> [Required work]: Show, from the entries below, every line in which "White" appears.

> [Data for this task]:
★ ★ ★ ★

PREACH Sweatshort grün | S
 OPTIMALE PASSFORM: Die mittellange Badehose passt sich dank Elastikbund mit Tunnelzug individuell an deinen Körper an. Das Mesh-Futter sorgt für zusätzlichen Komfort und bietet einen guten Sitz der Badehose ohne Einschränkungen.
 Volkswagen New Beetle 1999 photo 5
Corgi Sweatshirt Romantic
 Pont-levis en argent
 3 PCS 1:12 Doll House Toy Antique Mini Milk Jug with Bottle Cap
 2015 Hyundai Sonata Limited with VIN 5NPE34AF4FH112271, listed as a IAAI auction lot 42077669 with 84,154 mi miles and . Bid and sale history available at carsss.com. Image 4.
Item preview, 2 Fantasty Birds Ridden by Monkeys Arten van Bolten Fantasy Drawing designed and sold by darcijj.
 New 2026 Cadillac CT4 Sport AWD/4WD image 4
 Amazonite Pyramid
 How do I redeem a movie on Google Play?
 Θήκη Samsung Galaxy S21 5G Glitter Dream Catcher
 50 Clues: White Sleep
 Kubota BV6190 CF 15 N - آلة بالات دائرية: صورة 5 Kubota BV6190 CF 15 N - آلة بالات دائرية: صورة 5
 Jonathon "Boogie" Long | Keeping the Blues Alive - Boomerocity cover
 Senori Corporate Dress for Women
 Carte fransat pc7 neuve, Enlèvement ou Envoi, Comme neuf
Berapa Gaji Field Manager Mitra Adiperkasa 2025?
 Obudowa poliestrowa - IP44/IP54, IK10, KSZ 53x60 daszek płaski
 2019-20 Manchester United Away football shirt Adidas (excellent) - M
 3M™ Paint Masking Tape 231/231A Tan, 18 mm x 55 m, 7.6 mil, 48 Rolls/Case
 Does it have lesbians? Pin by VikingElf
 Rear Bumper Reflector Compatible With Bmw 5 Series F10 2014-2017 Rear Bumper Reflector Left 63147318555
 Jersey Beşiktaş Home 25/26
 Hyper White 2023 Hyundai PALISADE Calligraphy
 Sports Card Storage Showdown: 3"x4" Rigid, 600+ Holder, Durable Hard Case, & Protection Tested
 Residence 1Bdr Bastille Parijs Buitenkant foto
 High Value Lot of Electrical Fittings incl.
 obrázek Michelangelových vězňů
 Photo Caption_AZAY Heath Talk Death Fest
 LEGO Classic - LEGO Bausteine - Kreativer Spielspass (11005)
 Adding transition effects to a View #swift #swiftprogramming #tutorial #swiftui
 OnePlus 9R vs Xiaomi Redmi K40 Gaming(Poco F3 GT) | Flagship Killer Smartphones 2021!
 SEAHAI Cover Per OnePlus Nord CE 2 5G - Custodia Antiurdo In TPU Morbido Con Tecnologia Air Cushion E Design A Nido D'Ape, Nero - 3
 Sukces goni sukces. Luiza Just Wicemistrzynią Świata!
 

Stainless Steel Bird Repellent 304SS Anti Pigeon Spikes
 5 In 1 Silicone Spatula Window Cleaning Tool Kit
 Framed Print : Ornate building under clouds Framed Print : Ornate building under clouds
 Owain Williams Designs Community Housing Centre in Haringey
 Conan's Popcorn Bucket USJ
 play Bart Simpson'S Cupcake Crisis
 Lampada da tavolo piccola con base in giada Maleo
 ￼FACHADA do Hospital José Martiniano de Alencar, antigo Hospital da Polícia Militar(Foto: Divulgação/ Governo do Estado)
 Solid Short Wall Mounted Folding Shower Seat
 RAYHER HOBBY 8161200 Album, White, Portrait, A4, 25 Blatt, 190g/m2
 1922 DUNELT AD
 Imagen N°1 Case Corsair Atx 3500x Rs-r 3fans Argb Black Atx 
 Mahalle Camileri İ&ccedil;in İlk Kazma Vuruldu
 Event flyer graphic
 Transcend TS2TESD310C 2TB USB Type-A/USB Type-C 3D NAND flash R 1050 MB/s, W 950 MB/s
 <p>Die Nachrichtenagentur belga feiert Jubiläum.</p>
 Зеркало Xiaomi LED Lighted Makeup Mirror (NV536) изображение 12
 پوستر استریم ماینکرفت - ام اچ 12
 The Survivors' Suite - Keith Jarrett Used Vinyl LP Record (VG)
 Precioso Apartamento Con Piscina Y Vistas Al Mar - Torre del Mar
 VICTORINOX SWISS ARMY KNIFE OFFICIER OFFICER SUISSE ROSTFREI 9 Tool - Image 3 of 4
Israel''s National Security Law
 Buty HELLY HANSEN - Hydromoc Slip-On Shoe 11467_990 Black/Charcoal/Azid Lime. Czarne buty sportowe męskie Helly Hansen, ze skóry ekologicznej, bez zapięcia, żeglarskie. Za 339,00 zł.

★ ★ ★ ★

> [Response to the task]:
 50 Clues: White Sleep
 Hyper White 2023 Hyundai PALISADE Calligraphy
 RAYHER HOBBY 8161200 Album, White, Portrait, A4, 25 Blatt, 190g/m2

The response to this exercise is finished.